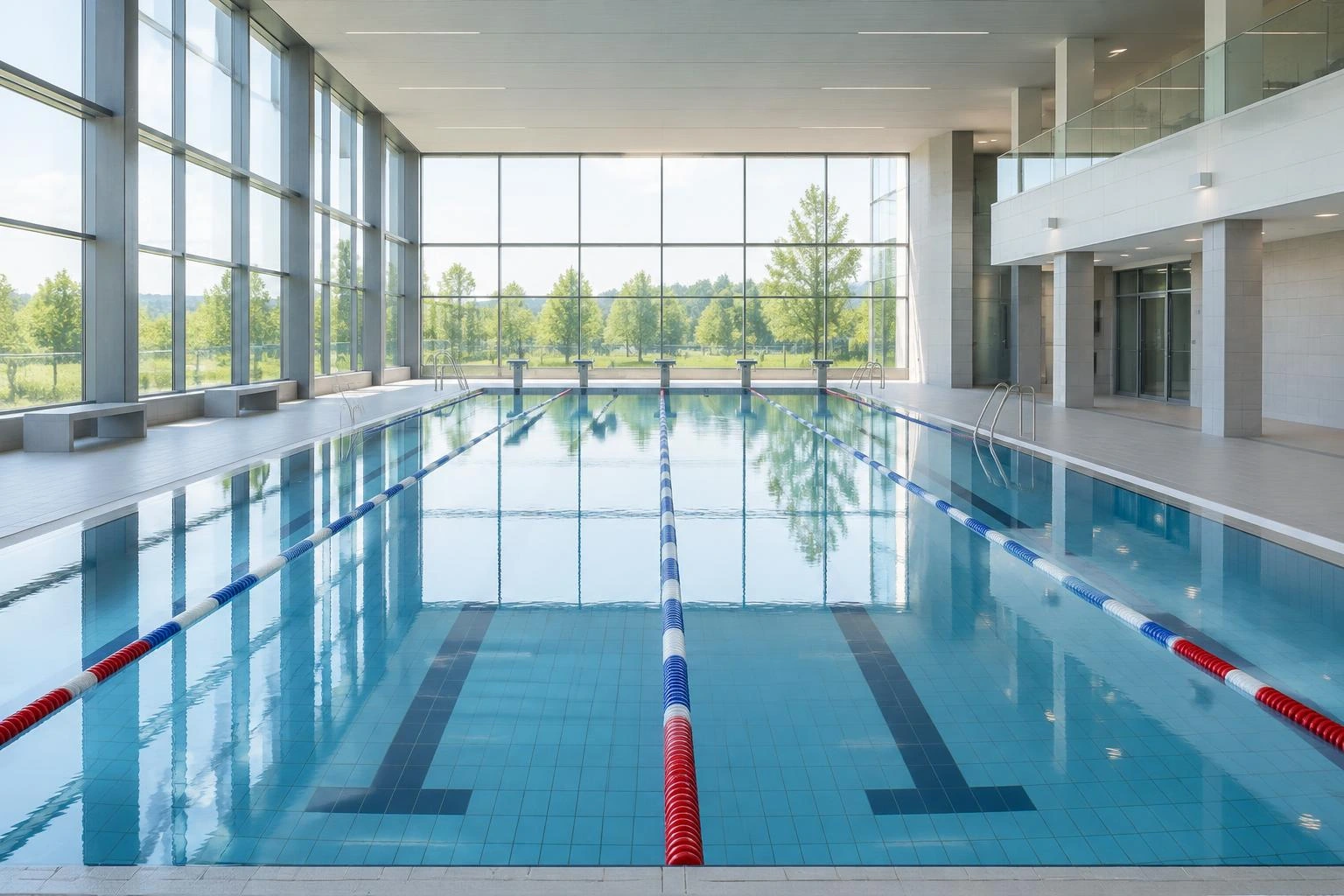 Symbolbild: leeres öffentliches Hallenbad mit 25-Meter-Becken und großer Fensterfront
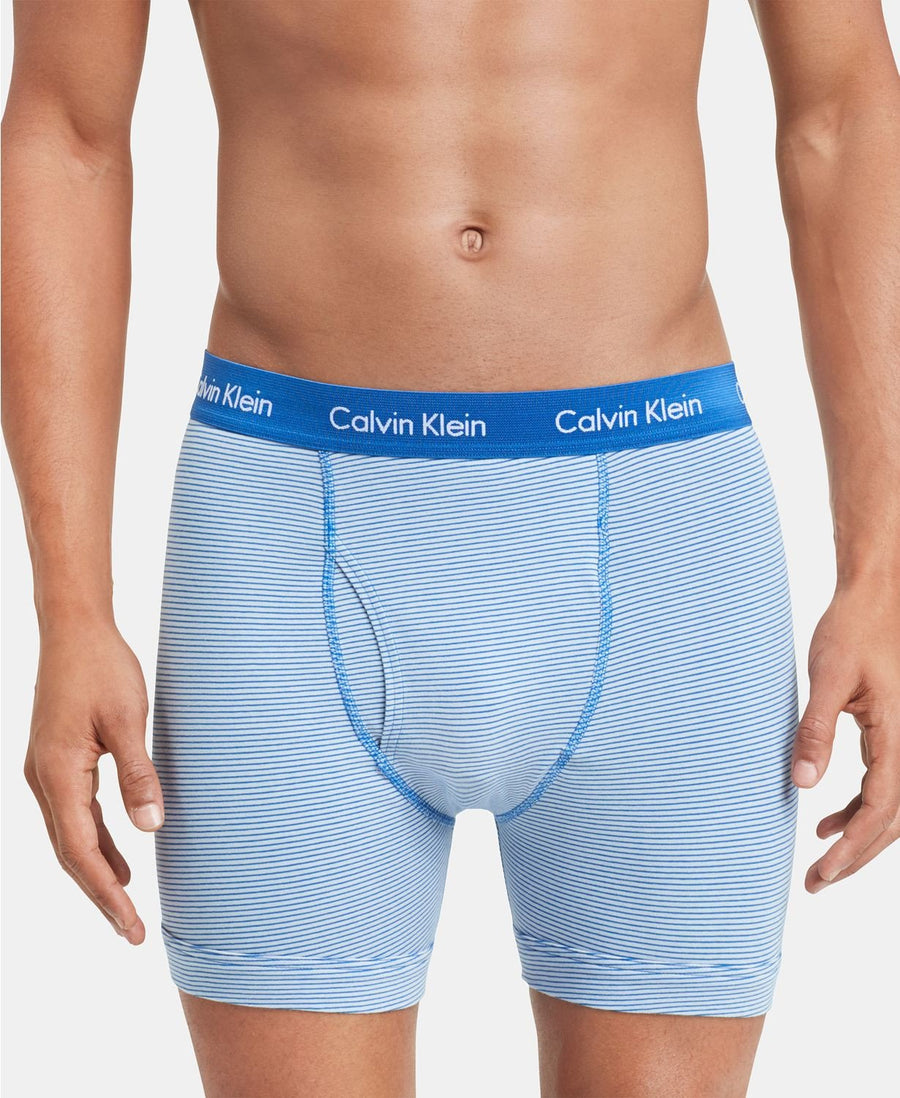 Calvin Klein Cotton Stretch Boxer Briefs 3-pack Blue Stripe/lt Blue/drk Blue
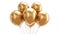 Shimmering Celebration: 3D Golden Balloons for Party Decor on White Background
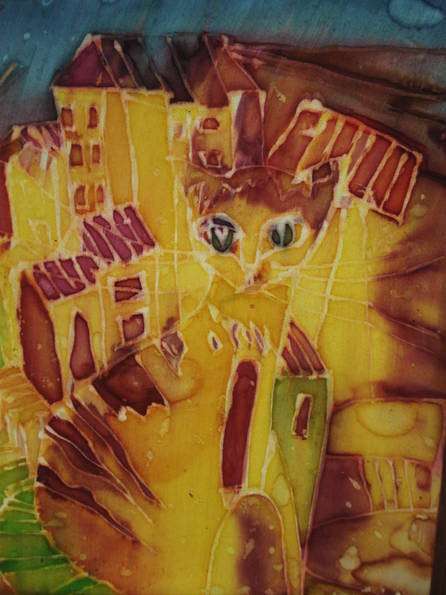 Картина батик " Рыжая Мириам" 30 Х 25 см., фото №3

--------------------------------

:: What to produce ::
Restate every line above exactly, omitting images.

:: Task response ::
 Symbolbild: leeres öffentliches Hallenbad mit 25-Meter-Becken und großer Fensterfront
 Calvin Klein Cotton Stretch Boxer Briefs 3-pack Blue Stripe/lt Blue/drk Blue
 Shimmering Celebration: 3D Golden Balloons for Party Decor on White Background
 Картина батик " Рыжая Мириам" 30 Х 25 см., фото №3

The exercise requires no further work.